The tensions generated by agricultural modernization, however, can enhance the prospects for agrarian democracy. This dynamic is analyzed clearly by Jeffrey Paige in Agrarian Revolution. When hacienda agriculture undergoes capitalist transformation, he argues, labor declines as a percentage of landowners' costs, making it easier for landlords to accept bargaining with labor organizations and the possibility of wage increases. Rural workers, for their part, begin to resemble their industrial counterparts. As patron-client ties are replaced by the cash nexus of the marketplace, workers move away from the plantation and the supervision of the landlord and break out of their former isolation. Their scope for organization increases, and in the absence of repression they do not adopt maximalist positions. Eventually, they will lose their peasant attachments to land and tend to develop a militant but reformist labor movement that negotiates for higher wages and better working conditions. A democratic class pact, rather than revolution or authoritarianism, is likely to emerge. Rural workers will join their urban counterparts in pushing for democratic political inclusion.

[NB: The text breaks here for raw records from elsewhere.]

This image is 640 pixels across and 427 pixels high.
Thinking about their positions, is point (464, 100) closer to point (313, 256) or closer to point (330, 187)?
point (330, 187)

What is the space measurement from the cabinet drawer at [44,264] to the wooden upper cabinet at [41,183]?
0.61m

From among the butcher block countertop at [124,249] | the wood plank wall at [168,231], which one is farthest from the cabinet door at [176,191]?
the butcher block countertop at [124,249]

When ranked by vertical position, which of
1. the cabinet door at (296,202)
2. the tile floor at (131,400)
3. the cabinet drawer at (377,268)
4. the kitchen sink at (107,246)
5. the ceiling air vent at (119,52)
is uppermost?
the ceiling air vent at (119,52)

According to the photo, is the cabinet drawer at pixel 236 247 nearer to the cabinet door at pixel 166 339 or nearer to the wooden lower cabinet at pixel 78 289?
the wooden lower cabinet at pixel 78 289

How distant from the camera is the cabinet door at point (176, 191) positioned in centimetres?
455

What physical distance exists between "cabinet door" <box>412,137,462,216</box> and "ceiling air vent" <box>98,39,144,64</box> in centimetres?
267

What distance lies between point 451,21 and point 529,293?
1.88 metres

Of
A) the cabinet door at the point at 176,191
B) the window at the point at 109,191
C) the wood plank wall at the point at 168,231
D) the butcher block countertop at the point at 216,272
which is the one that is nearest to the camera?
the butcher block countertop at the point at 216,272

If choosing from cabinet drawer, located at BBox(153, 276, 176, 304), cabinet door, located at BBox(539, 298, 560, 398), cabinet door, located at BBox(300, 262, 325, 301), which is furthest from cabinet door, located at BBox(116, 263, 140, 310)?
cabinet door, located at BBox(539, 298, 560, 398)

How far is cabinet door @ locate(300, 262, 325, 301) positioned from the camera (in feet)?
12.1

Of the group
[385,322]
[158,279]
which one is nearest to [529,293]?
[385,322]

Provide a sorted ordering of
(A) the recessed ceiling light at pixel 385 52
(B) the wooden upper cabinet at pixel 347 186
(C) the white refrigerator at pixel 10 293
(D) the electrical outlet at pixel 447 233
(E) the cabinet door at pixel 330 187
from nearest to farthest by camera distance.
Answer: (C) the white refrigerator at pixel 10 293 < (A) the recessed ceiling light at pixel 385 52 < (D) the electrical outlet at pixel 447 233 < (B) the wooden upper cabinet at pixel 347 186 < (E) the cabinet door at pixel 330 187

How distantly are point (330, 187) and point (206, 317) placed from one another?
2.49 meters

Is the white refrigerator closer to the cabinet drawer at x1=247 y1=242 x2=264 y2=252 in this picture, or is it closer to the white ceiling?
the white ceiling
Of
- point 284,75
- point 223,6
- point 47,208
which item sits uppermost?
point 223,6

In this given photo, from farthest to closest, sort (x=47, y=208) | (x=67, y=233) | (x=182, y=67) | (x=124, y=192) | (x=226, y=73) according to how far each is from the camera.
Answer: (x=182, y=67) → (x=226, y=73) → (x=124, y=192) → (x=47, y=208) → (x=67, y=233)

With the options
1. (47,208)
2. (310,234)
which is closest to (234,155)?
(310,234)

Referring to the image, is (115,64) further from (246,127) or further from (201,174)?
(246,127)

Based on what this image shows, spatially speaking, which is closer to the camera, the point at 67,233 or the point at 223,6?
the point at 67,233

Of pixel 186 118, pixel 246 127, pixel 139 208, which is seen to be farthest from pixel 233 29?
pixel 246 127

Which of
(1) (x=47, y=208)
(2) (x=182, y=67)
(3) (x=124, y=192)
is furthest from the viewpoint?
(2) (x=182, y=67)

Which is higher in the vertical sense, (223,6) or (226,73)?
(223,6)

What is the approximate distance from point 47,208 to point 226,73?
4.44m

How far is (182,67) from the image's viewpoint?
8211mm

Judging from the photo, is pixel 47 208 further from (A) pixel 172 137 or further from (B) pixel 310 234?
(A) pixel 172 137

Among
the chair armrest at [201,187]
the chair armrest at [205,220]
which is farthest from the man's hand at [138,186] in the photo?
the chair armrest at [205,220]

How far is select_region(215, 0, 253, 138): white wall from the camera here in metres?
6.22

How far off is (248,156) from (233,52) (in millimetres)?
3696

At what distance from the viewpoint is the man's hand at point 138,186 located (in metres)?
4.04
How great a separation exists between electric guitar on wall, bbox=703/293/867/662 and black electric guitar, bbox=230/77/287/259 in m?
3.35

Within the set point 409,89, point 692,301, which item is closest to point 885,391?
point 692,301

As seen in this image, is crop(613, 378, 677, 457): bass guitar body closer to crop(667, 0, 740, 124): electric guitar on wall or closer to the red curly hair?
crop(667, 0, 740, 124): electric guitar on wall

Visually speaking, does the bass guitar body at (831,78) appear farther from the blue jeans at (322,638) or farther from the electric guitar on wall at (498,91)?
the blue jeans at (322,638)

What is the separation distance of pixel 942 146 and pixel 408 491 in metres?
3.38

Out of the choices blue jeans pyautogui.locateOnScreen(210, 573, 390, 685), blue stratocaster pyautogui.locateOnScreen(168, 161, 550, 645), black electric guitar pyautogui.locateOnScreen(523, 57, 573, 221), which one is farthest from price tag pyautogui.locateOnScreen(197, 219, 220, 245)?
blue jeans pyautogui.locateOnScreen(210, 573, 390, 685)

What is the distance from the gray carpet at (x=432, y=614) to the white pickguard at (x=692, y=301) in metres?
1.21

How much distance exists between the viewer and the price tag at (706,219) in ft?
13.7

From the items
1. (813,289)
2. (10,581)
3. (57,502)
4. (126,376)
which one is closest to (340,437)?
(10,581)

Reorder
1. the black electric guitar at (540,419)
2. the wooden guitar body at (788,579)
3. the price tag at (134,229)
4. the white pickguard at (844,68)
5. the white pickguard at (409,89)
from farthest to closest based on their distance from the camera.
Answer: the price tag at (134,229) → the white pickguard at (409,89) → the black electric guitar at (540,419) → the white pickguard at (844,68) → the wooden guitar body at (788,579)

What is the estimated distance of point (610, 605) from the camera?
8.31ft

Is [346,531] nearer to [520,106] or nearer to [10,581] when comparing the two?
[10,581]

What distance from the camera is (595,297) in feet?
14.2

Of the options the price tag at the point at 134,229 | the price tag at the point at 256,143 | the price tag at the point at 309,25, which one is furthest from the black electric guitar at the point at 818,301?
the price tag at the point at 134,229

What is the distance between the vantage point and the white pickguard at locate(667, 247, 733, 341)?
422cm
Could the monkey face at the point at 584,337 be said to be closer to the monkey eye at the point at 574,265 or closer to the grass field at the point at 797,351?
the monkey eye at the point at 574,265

However, such an outcome is not guaranteed—Paige's analysis should be interpreted probabilistically rather than as a universal law. The structure of landholding, the history of past conflicts, and the cultural predispositions ("frames") of the local population, among other factors, influence the likelihood of a democratic class pact in the countryside. More specifically, the organization of agricultural production also varies significantly from one crop to another. Therefore, this book draws on an eclectic variety of works in political economy that focus on the distinctiveness of collective action within economic sectors. Understanding the sector—in this case, sugar—within which the unions are embedded is very important, because the sector imposes additional, specific structural constraints on unions' collective action aside from those that exist in the broader social setting.

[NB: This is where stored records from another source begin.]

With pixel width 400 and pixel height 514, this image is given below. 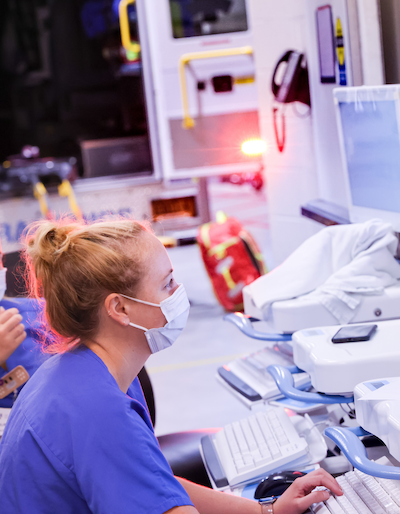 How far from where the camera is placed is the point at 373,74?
7.21 ft

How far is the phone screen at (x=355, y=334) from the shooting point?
1.41m

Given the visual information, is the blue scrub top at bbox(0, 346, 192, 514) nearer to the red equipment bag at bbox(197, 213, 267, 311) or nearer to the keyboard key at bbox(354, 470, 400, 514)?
the keyboard key at bbox(354, 470, 400, 514)

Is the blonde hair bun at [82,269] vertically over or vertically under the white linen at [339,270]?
over

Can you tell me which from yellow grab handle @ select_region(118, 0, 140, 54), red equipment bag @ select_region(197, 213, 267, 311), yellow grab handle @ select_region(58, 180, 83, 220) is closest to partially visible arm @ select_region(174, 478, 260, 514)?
red equipment bag @ select_region(197, 213, 267, 311)

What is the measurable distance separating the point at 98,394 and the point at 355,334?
2.01 ft

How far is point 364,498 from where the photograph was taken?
47.8 inches

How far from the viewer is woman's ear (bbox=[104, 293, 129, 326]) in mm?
1223

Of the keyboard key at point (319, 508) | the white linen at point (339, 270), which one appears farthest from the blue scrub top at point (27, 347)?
the keyboard key at point (319, 508)

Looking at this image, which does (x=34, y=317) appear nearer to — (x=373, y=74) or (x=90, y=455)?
(x=90, y=455)

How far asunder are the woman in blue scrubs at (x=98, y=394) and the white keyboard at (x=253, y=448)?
11 centimetres

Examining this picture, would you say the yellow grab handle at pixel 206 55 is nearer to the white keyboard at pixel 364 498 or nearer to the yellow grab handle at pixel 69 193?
the yellow grab handle at pixel 69 193

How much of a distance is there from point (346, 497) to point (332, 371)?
0.79ft

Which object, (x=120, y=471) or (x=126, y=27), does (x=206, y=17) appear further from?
(x=120, y=471)

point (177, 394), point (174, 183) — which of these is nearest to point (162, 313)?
point (177, 394) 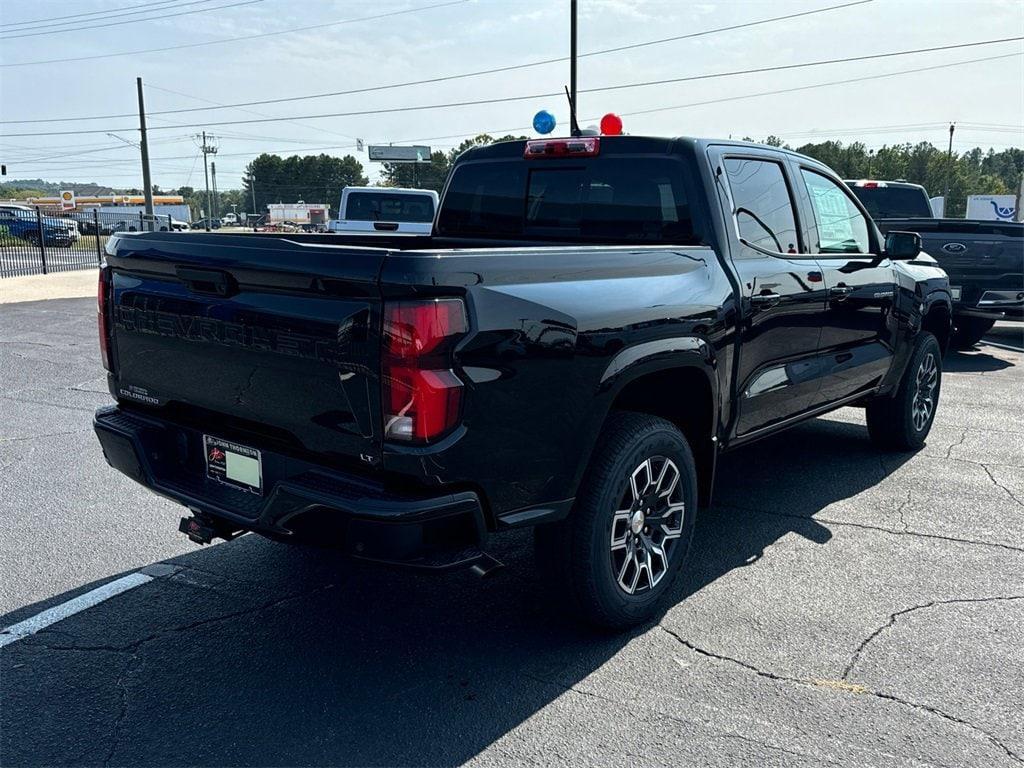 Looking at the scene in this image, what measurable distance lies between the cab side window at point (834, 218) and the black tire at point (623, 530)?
1.91m

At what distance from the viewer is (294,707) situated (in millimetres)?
2865

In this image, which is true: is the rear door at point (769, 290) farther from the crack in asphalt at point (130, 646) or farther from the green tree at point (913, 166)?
the green tree at point (913, 166)

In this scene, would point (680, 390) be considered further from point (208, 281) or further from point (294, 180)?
point (294, 180)

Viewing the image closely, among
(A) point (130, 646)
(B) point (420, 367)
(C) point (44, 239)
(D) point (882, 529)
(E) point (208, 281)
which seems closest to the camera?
(B) point (420, 367)

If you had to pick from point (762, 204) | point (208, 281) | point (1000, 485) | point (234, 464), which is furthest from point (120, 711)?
point (1000, 485)

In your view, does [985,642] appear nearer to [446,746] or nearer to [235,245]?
[446,746]

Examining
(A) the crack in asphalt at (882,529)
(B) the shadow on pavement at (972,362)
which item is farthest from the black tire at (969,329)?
(A) the crack in asphalt at (882,529)

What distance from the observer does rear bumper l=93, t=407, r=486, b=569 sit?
2564 millimetres

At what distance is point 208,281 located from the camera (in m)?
2.97

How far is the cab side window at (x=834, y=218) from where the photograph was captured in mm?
4793

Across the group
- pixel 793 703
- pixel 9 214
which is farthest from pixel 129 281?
pixel 9 214

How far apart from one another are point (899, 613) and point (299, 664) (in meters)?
2.48

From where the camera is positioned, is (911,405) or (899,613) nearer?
(899,613)

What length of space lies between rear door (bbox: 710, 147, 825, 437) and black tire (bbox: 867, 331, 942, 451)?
60.4 inches
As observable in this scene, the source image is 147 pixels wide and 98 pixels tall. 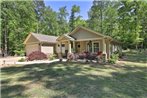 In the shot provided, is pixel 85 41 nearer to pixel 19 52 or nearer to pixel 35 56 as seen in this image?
pixel 35 56

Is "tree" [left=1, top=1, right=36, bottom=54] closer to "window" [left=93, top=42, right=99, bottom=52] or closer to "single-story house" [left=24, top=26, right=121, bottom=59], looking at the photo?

My argument is that something like the trajectory from hacienda to capitalist agriculture described by Paige occurred in the Pernambuco sugar zone in the 1960s and 1970s, and that this facilitated the emergence of a labor movement capable of negotiating a local democratic class pact during the national regime transition of the 1980s. Brazil as a whole evolved from a rural to an urban nation in this period; while the majority of the population lived in the countryside in 1960, by 1980 almost 70 percent was urban. Pernambuco urbanized as well. In its sugar zone, traditional landlord-peasant arrangements such as tenancy, sharecropping, and moradia (in which peasants had the right to cultivate a small plot on the landlord's estate in return for several days of labor per week) declined. Meanwhile, larger, more efficient mills increasingly dominated production, leading to a reduction in the total number of mills. Wage employment increased, as did the size of the rural working class. In pursuit of their own interests, rural labor organizations played a vital role in demanding the inclusion of all those excluded by policies of conservative modernization in the countryside. Agrarian transformation laid the basis for local acceptance of the democratic transition in the 1980s.

Rural Labor
in Brazil

To understand Brazil's rural unionism, we need to distinguish among the movement's four different facets, which are not always sufficiently disentangled: opportunities for action, capacities to act, ideology and program, and strategy. The argument made here is that opportunities for action are explained mainly by macropolitical factors at the level of the national regime; capacities to act are influenced primarily by large historical processes—changes in social structure and the institutional form of representative institutions; and ideology and strategy are explained by the members', and especially the leaders', learning through experience and through local traditions and institutions. Part II of this book mainly concerns the capacity to act, while Part III covers ideology and strategy. Some background information on opportunities for action is given throughout the text.

An account of Brazil's rural unionism inevitably confronts the state's central involvement to the unions' operations. State agriculture policies influence the kinds of popular protest that arise in the countryside. Reciprocally, the state's responses to popular protest determine the political consequences of that protest. More specifically, all Brazilian trade unions operate within a structure highly controlled by the central state, a structure that has not been fundamentally reformed since the 1930s, despite several changes of national regime. The key features of this union structure, discussed in more detail in chapter 5, are a unitary system of representation or unicidade (only one union allowed per category of worker in a given territory); a mandatory union tax (imposto sindical or contribuição sindica1) deducted from employees' pay and passed on to unions by the state; and a hierarchy of union organizations, ranging from the local union in a município (equivalent to a county) through state federations and national confederations. Like most other Latin American union structures, Brazil's is a mandatory closed shop enforced through a state-controlled, hierarchical, corporatist, and bureaucratic structure. Thus, the political opportunities available to unions fluctuate with changes in the composition of the national regime. Furthermore, rural unions operate in agriculture, a portion of the economy highly regulated by the state in Brazil, as it is in many other countries.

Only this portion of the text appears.